Phylogeny of partial NS5B region sequences

A segment of the NS5B region corresponding to nucleotides 8276–8615 of the H77 reference genome, has been found reliably to differentiate HCV genotypes and subtypes in most cases (Murphy et al., 2007). To investigate the full genetic diversity of HCV genotype 1, 141 HCV-1 sequences of this genome region were analysed, each representing an individual isolate and including the seven from this study.
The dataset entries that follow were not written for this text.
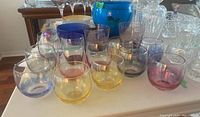 Front view of a group of 12 assorted colorful short drink glasses on a white tabletop with other glassware and dishes in the background.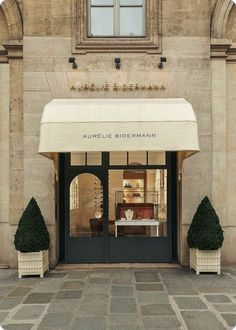 the front entrance to an upscale store with white awnings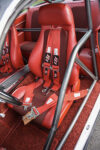 013 1961 Chevrolet Impala race seat with red upholstery five point harness and reinforced roll cage for drag racing security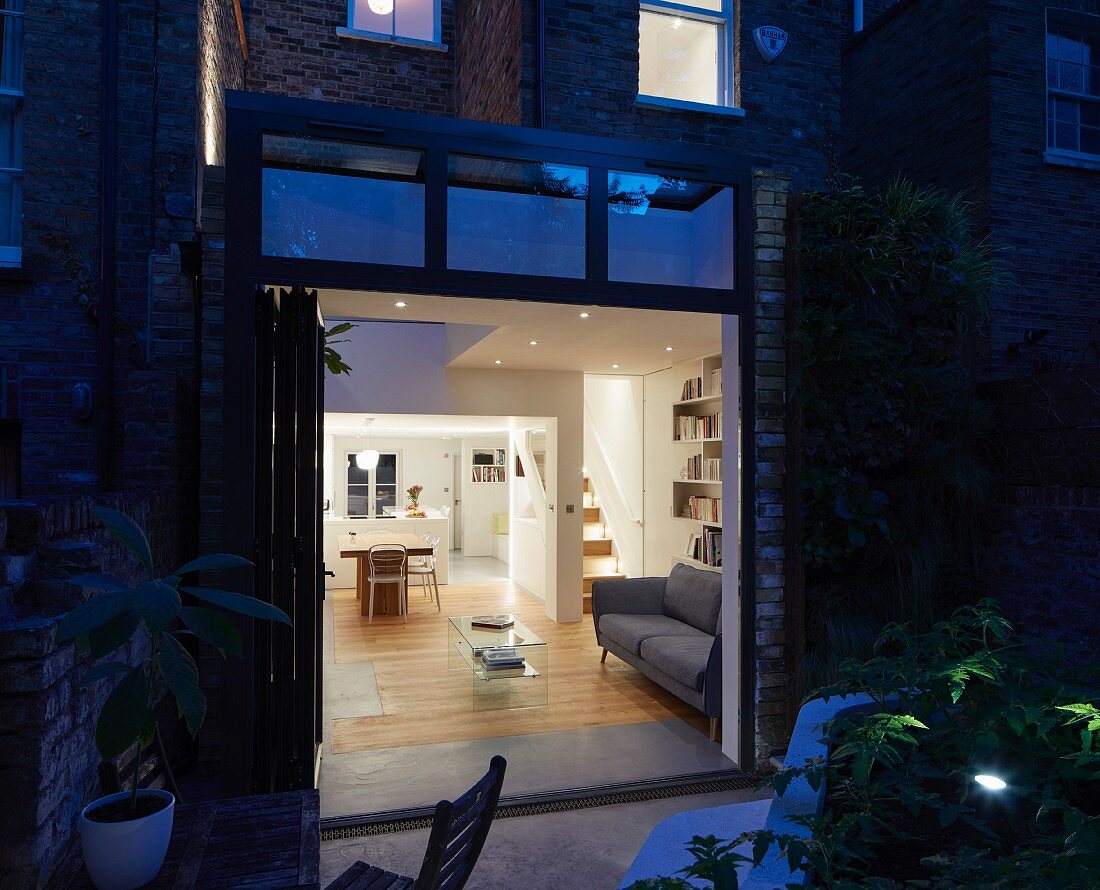 Angled view of sitting room from outside at dusk
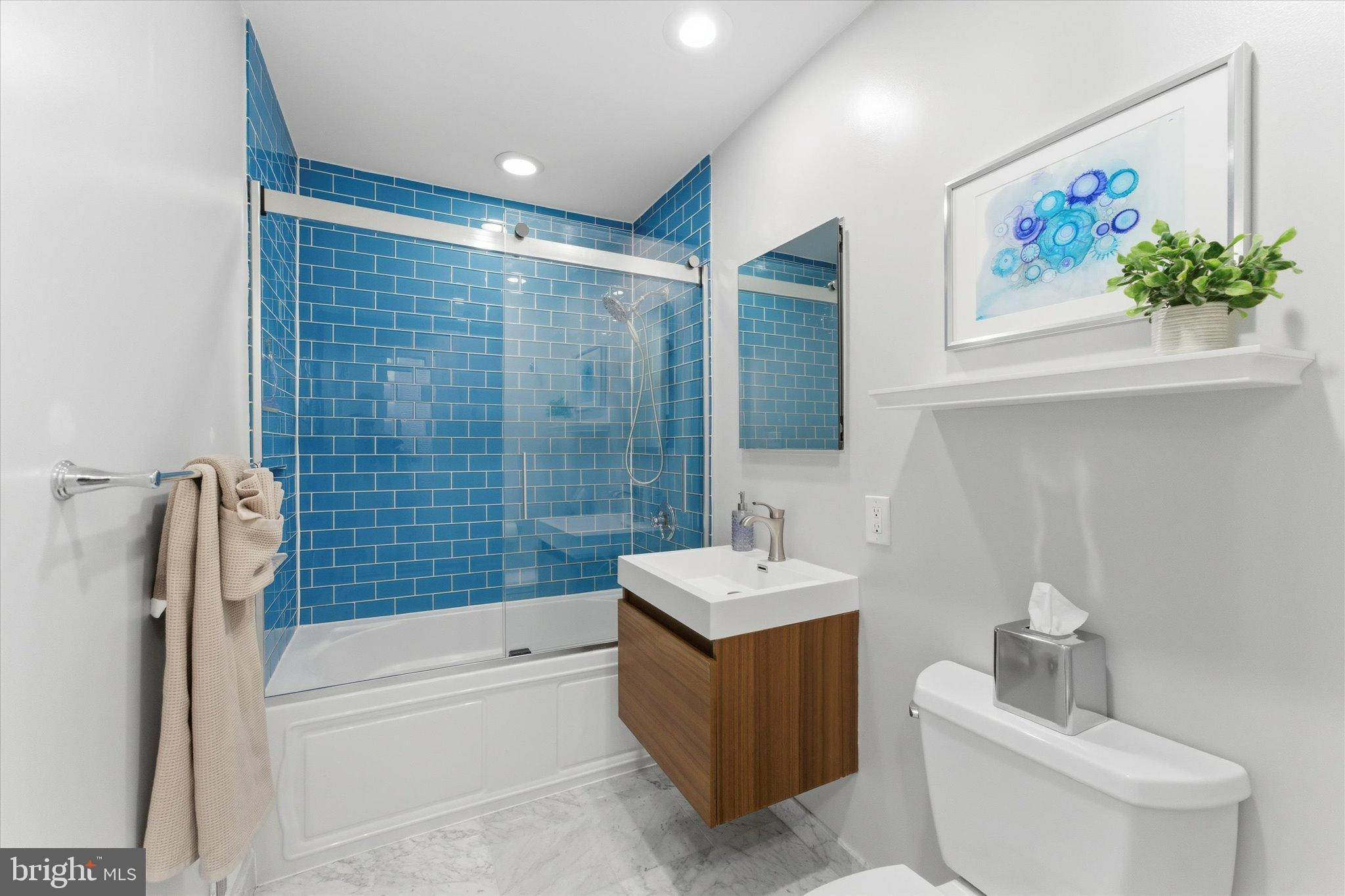 1378 4th Street Southwest Washington, DC 20024 - Photo 29 of 74 a bathroom with a sink a toilet and shower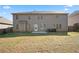 View of the home's backyard with green lawn at 7686 Brazos Trl, Fairburn, GA 30213
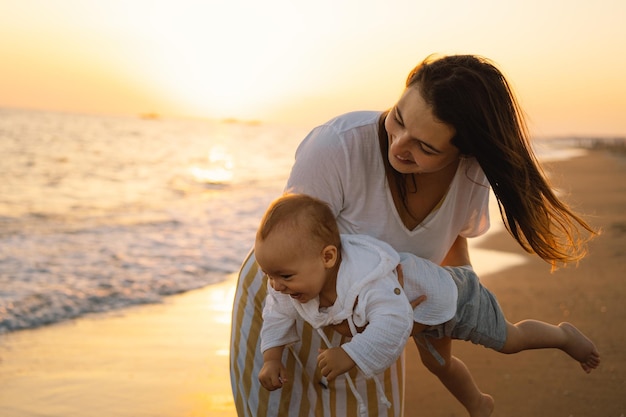 Bonne fête des mères belle mère et bébé jouent sur la plage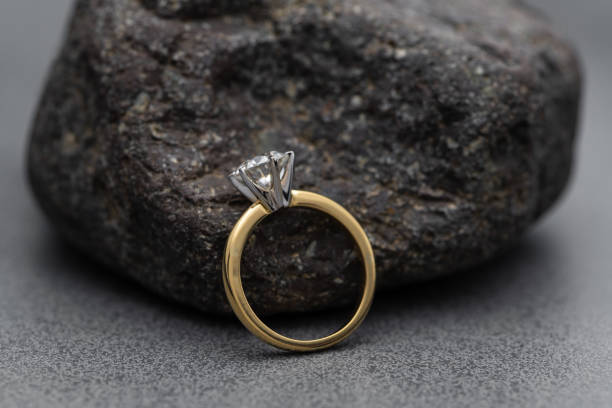 istock Luxury Engagement Diamond Ring on Natural Stone 1420036278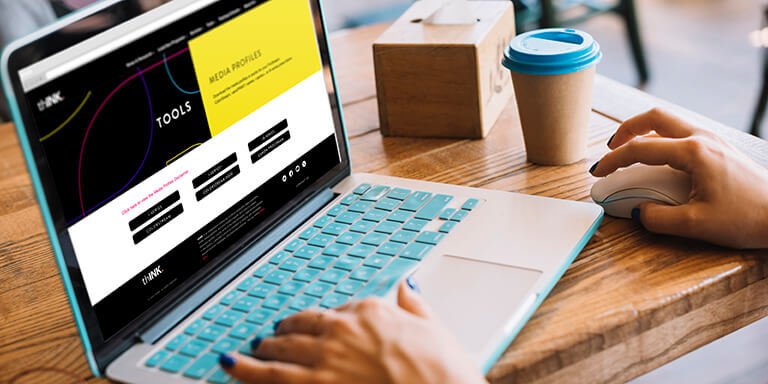 laptop with thINK site showing on the screen
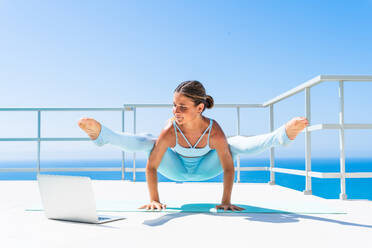 Beautiful young atlethic woman wearing sportswear doing yoga meditation on the terrace rooftop with sea view and blue sky - Yoga practicer training outdoors, healthy lifestyle, sport and meditation concept - DMDF03758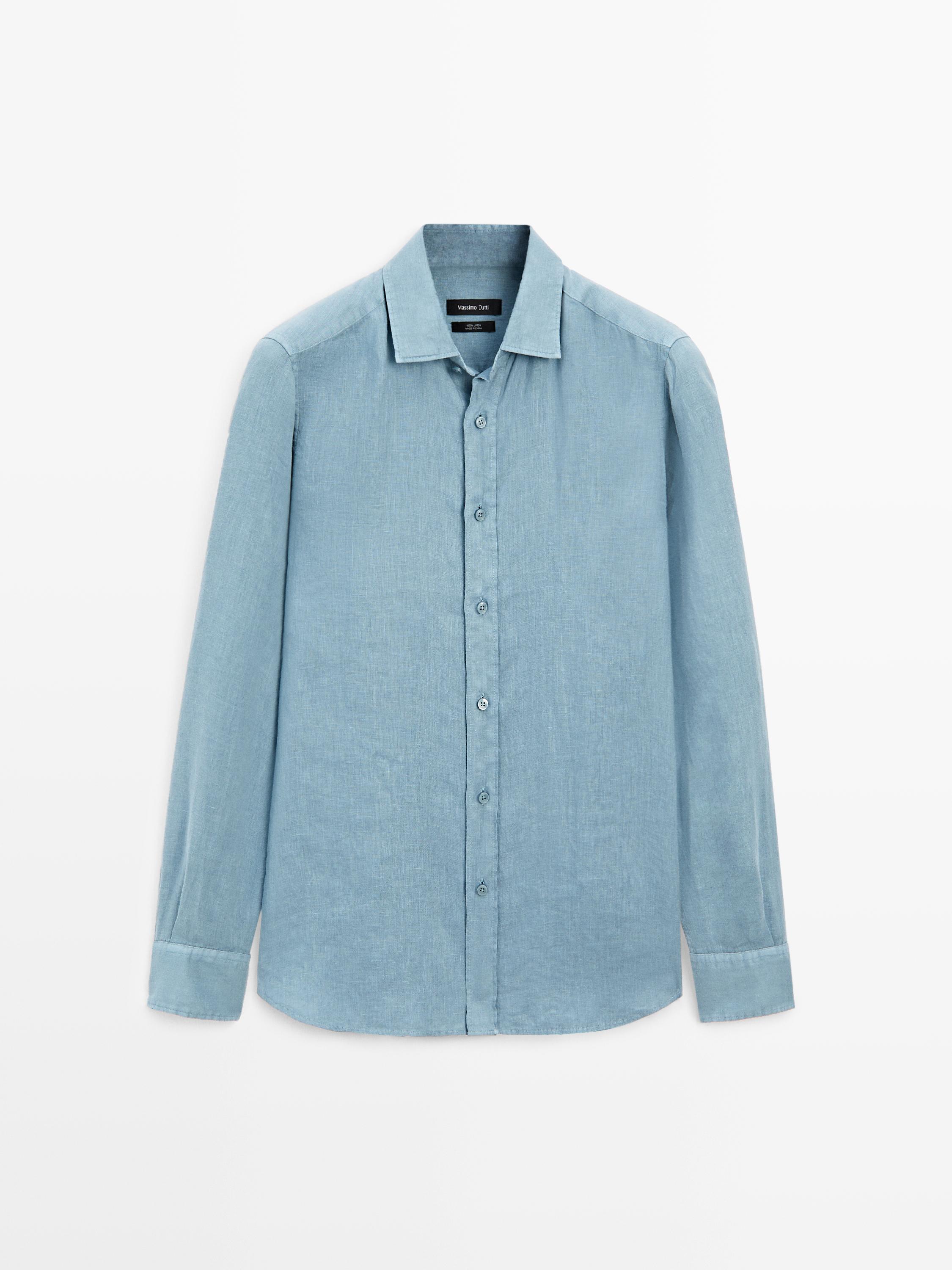 Front view of a green slim fit shirt with a classic collar and central button placket. Long sleeves with cuffs.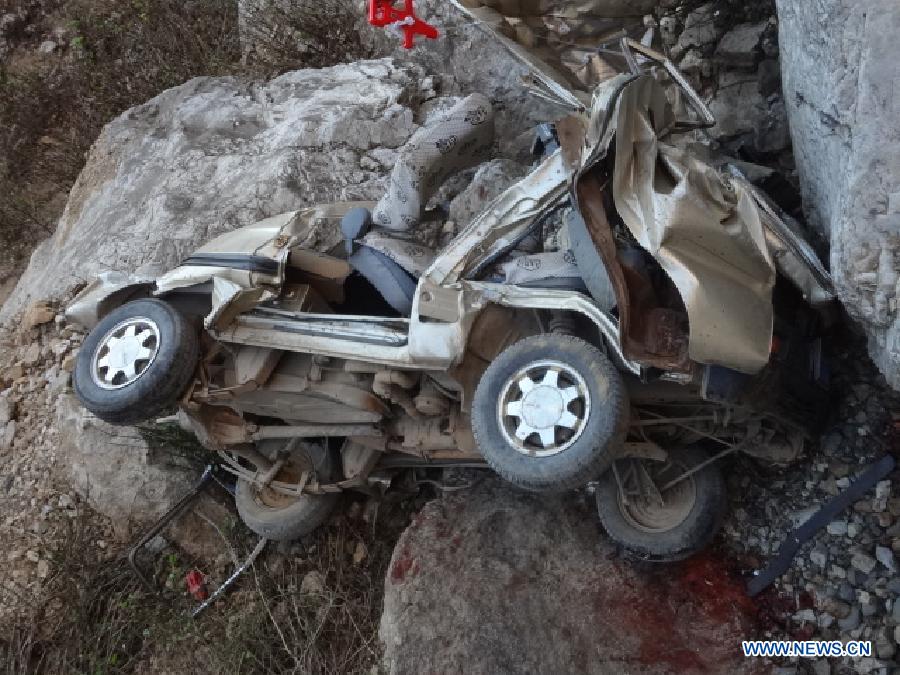 The remain of the damaged vehicle can be see at the site of road accident in Wumeng Township under an industrial and tourist development zone near Kunming, capital of Yunnan, on Feb. 6, 2013. Twelve people were killed and three others injured after a vehicle fell off a mountain cliff in Yunnan Province on Wednesday afternoon. (Xinhua)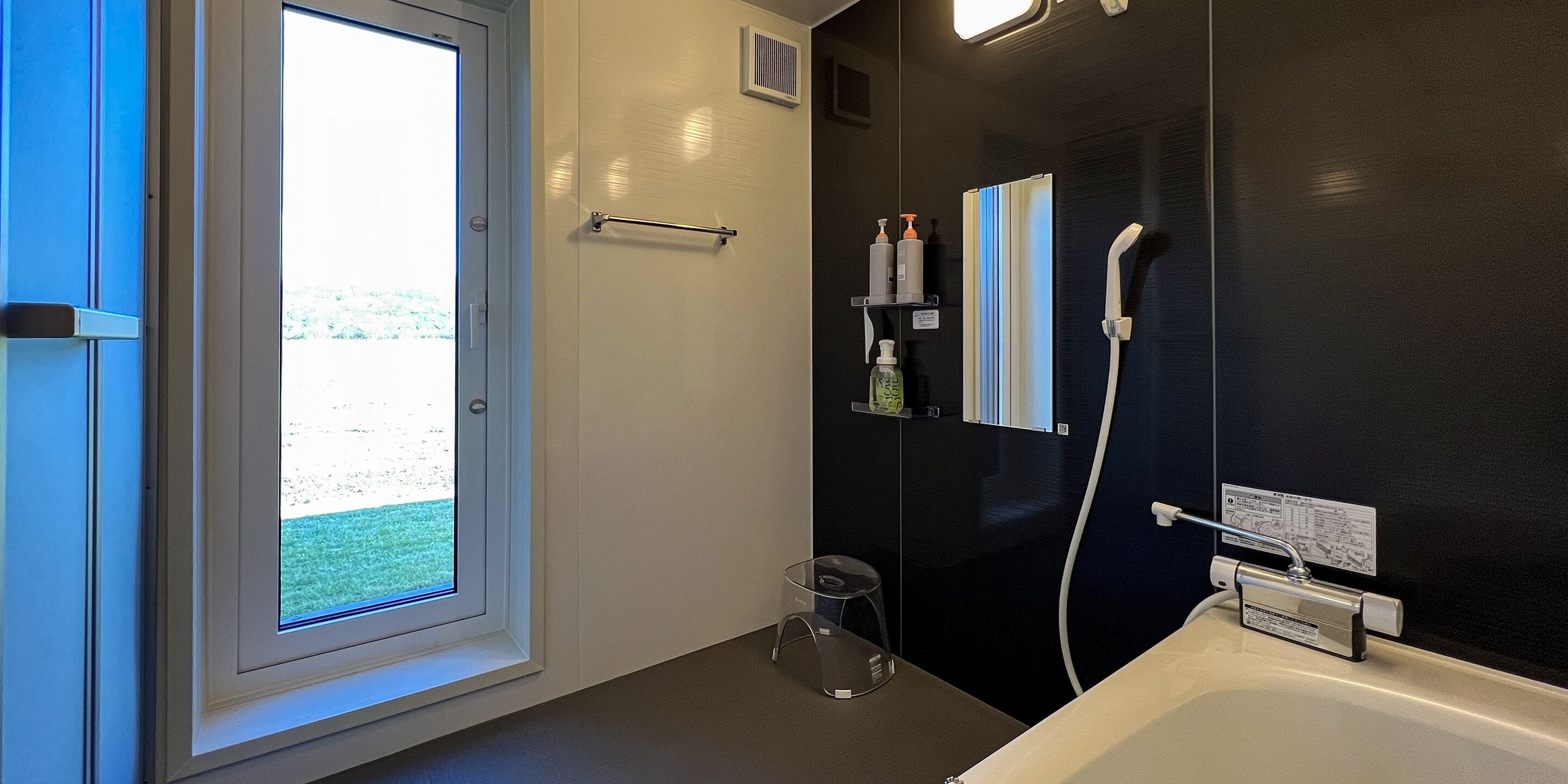 Un baño moderno con bañera, ducha y ventana.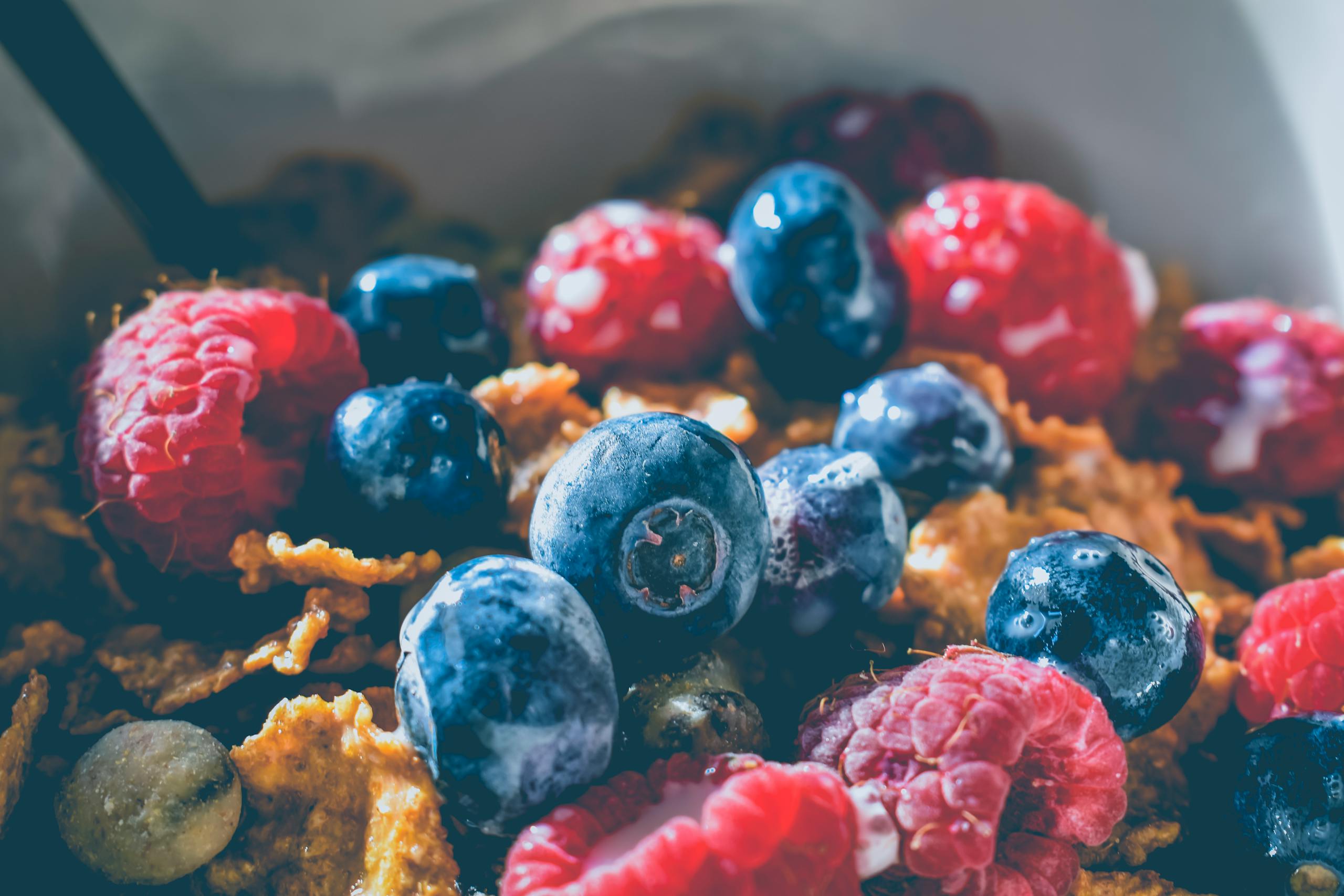 Close-up of a delicious and healthy breakfast with fresh blueberries and raspberries on cereals.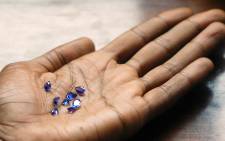 This file photo taken in 2006 shows tanzanite gems worth $1,500 from the Mererani mine in Tanzania. Picture: AFP.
The resulting ML tree shows 19 major lineages within genotype 1 (Fig. 2). Among those, 13 have been assigned to HCV subtypes 1a–1m (Jeannel et al., 1998; Simmonds et al., 2005), while six are currently unassigned. The latter were indicated in Fig. 2 as subtype 1(I) to subtype 1(VI). Of the seven isolates from this study, six (148636, EBW9, EBW443, EBW424, 136142 and 166212) represent three of the 13 assigned subtypes, while the seventh isolate (160526) corresponds to one of the six unassigned lineages and is designated in the tree as subtype 1(VI). Specifically, isolate 148636 grouped with a cluster of 37 isolates: 35 from Cameroon (Ndjomou et al., 2003; Njouom et al., 2003b; Pasquier et al., 2005) and two from Canada (Murphy et al., 2007). Both EBW9 and EBW443 were classified into a cluster of 25 isolates: 22 from Cameroon (Ndjomou et al., 2003; Pasquier et al., 2005), two from Canada (Murphy et al., 2007) and one from France (Laperche et al., 2005). EBW424, 136142 and 166212 grouped with a cluster of 25 isolates, all from Cameroon (Ndjomou et al., 2003; Njouom et al., 2003b, 2007; Pasquier et al., 2005).

Fig. 2.

Fig. 2.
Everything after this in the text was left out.